Итак, Эштон и Хорьковый Хвост уехали. Женщины начали укладываться; вытащили сыромятные кожаные сумки и стали наполнять их запасами ягод и сушеного мяса. Около полудня, когда я как раз сделал знак Нэтаки, что хочу есть, на северном склоне долины вдруг появились мчавшиеся вниз к нам верховые. Весь лагерь возбужденно загудел. Один-два всадника размахивали плащами, подавая знак «враги». Мужчины и юноши схватили уздечки и бросились за лошадьми. Маленькая группа конных спустилась в лагерь, и через несколько секунд ко мне подъехал Эштон.
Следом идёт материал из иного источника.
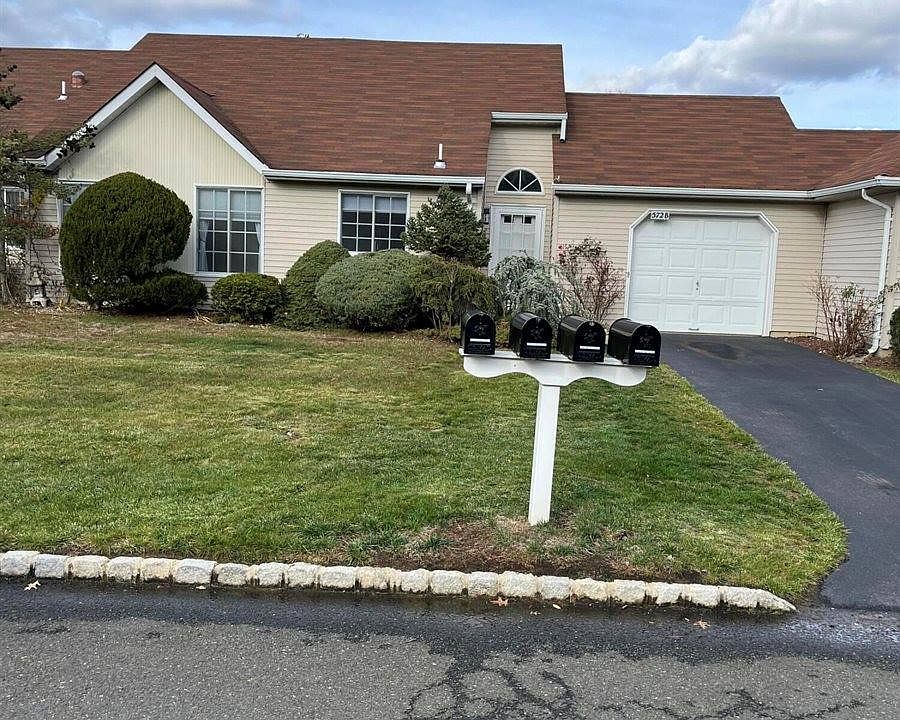1st image of 572B Nutley Dr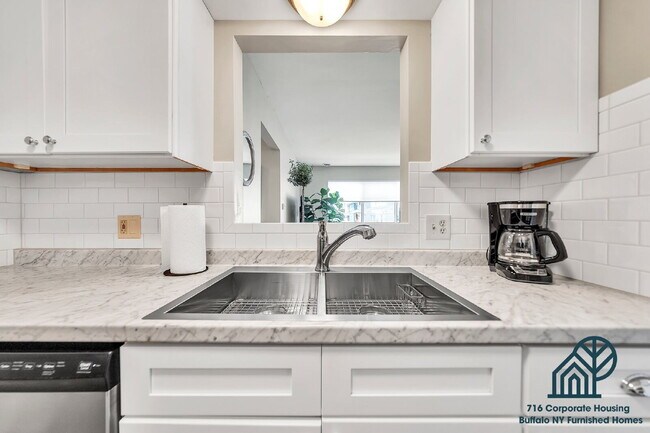 Building Photo - Furnished 2-Bedroom Apartment in Tonawanda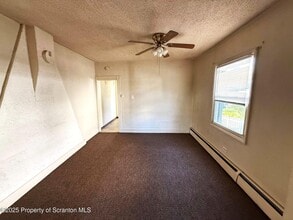 702 Morgan St in Dickson City, PA - Building Photo - Building Photo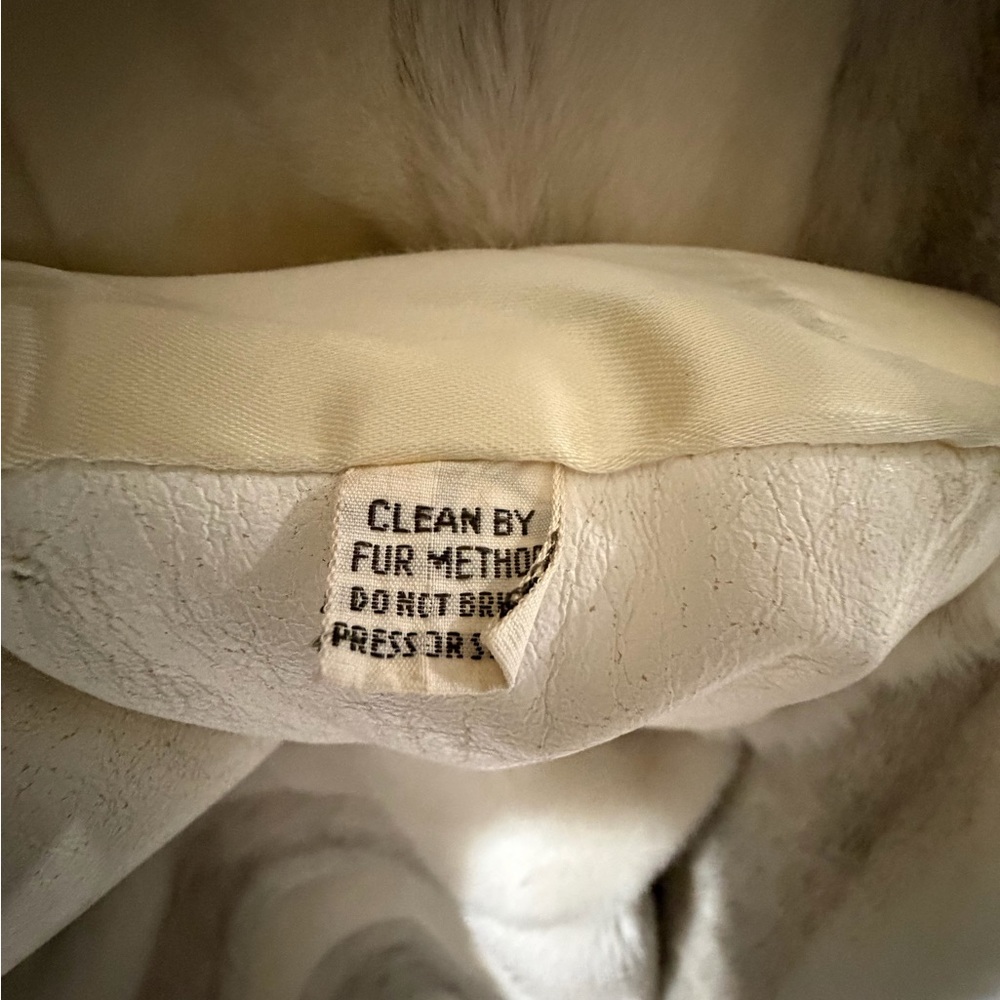Vintage Fur Coat Elegant Cream Size Womens Med 20th Century 70s - Picture 7 of 9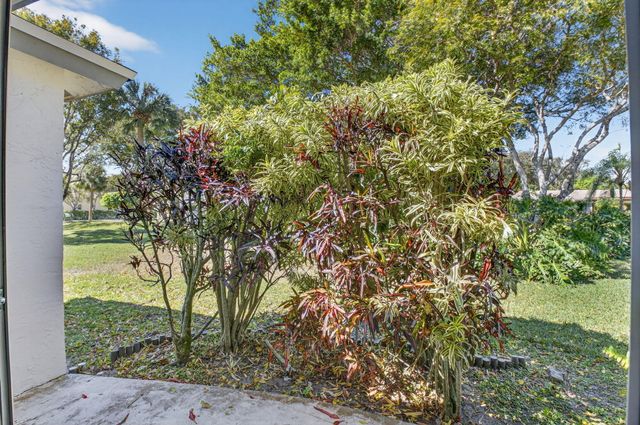 18093 104th Terrace S, Boca Raton, FL 33498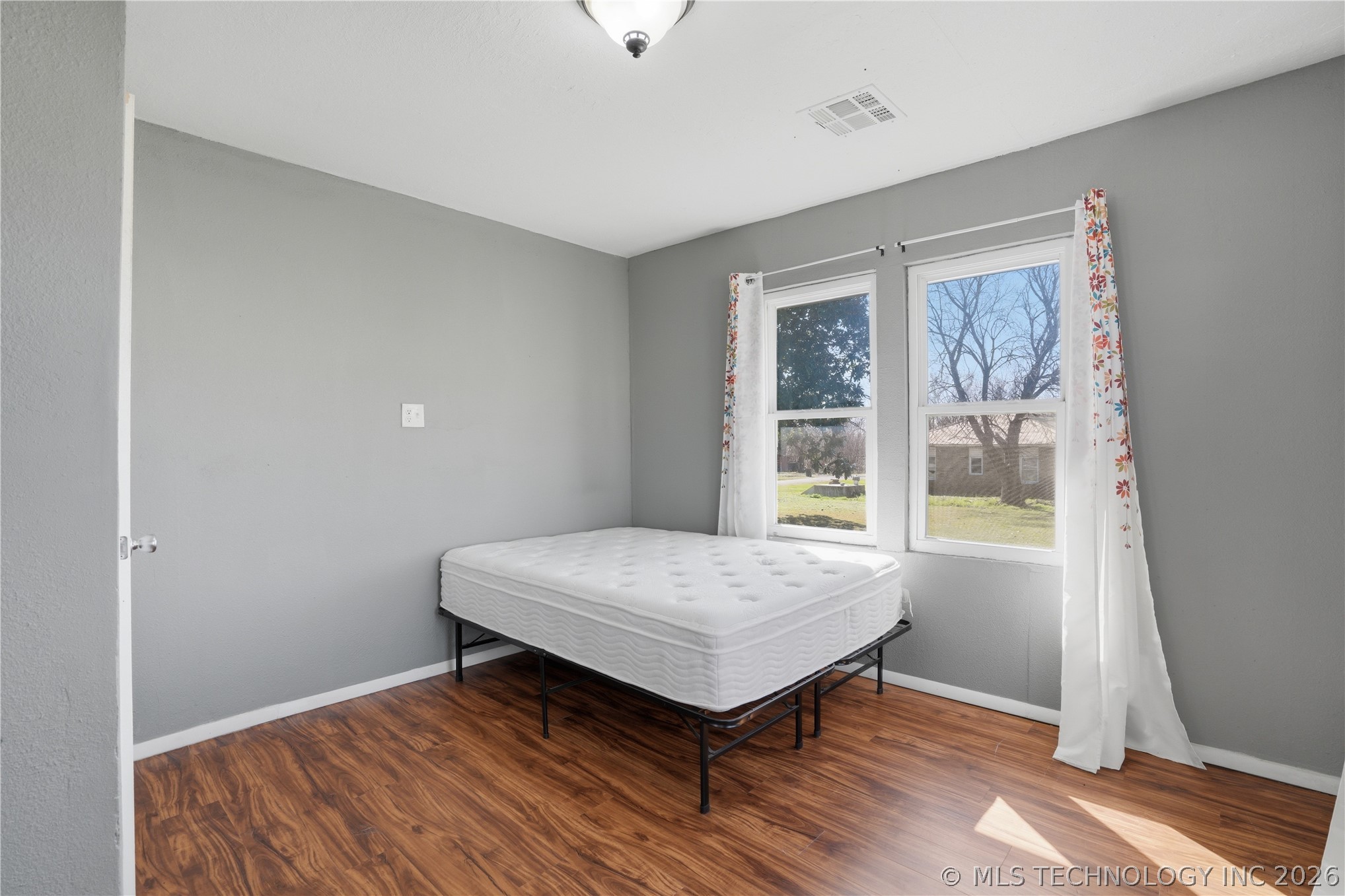 307 E 3rd Street Property Photo 14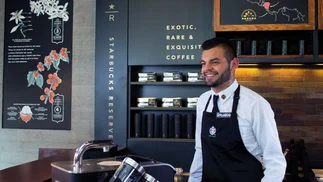 Cuánto cobra un empleado de McDonald's, Burger King y Starbucks en octubre 2026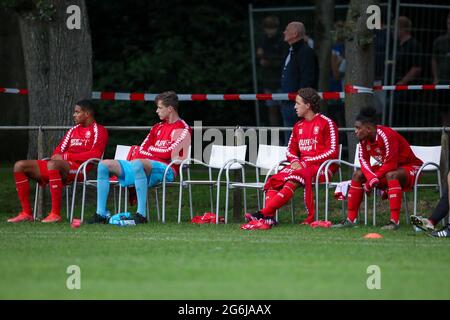 HAAKSBERGEN, PAYS-BAS - JUILLET 6 : Jayden Oosterwolde du FC Twente, Timo Jansink du FC Twente, Giovanni Troupee du FC Twente et Godfried Roemeratoe du FC Twente lors du match amical du Club entre HSC '21 et le FC Twente au Sportpark Groot Scholtenhagen le 6 juillet 2021 à Haaksbergen, pays-Bas (photo de Marcel Bals/Orange Pictures) Banque D'Images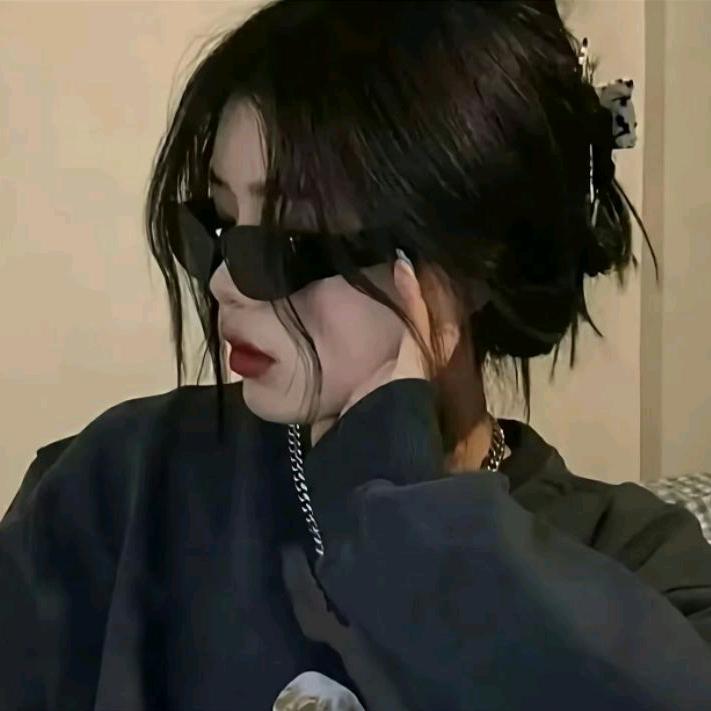 EMO小美😎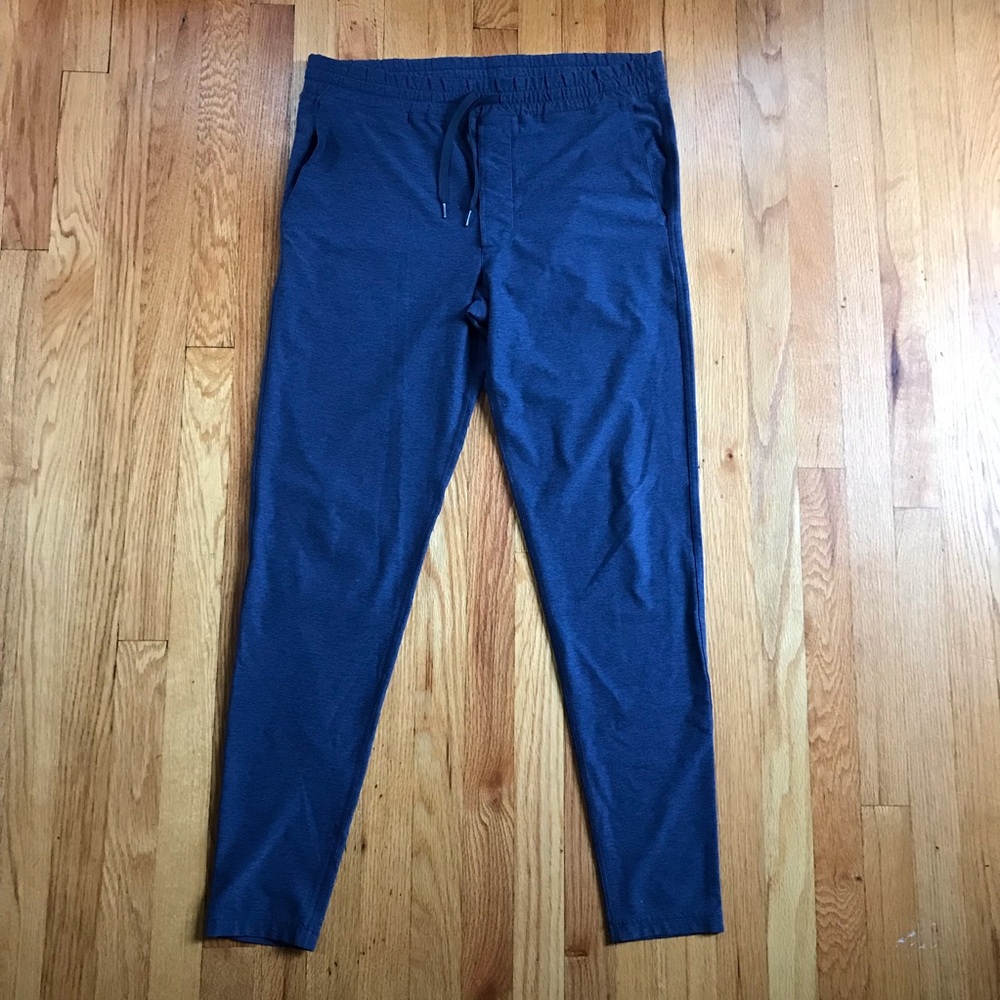 Outdoor Voices Sunday Deep Navy Joggers Small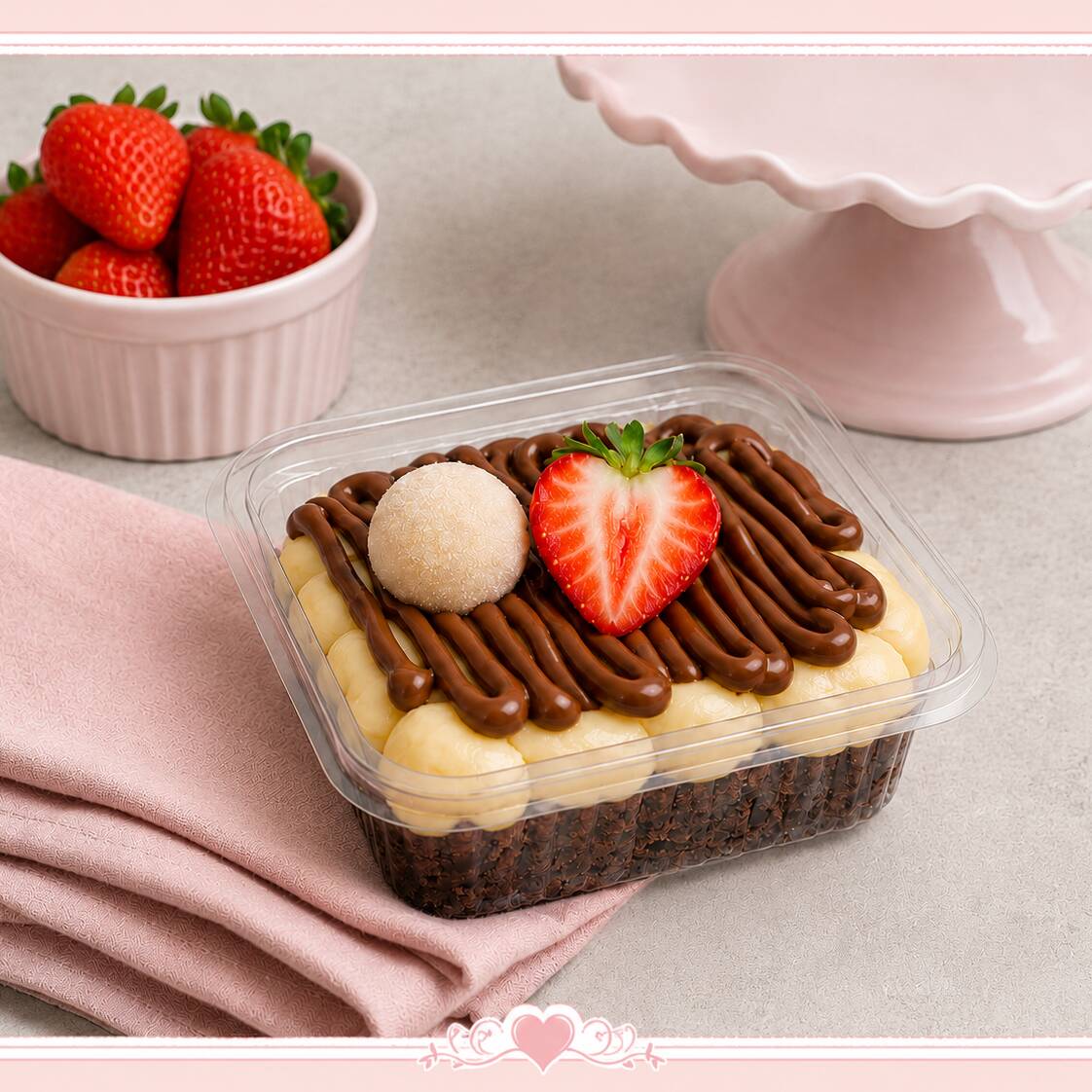 Nosso brownie individual de 110 g tem uma base super chocolatuda coberta com brigadeiro de Ninho, creme de avelã, morango fresco e finalizada com um mini docinho de Ninho.
Perfeito para matar a vontade de comer um docinho!!!
P.S: Caso deseje um brownie bem farto, recomendamos nosso Brownie Supreme de Morango ou nossas Fatias de Brownie!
Впереди него на седле сидела девушка-подросток, которую он передал в протянутые к нему руки Нэтаки. Эштон был страшно взволнован, темные глаза его прямо сияли. Он повторял раз за разом:
– Трусы! Ах, какие трусы! Но двоих я убил, свалил двоих.
Девочка плакала и причитала:
– Моя мать, мой отец! Оба умерли, оба убиты.
В лагере поднялась суматоха. Мужчины седлали лошадей, требовали подать оружие и выезжали в прерию. Поток всадников все усиливался. Эштон слез с лошади, и я увидел, что на левой ноге штаны у него промокли от крови. Он вошел, хромая, в палатку, я последовал за ним и раздел его. Как раз пониже верхнего сустава бедра зияла длинная открытая борозда, прорезанная пулей.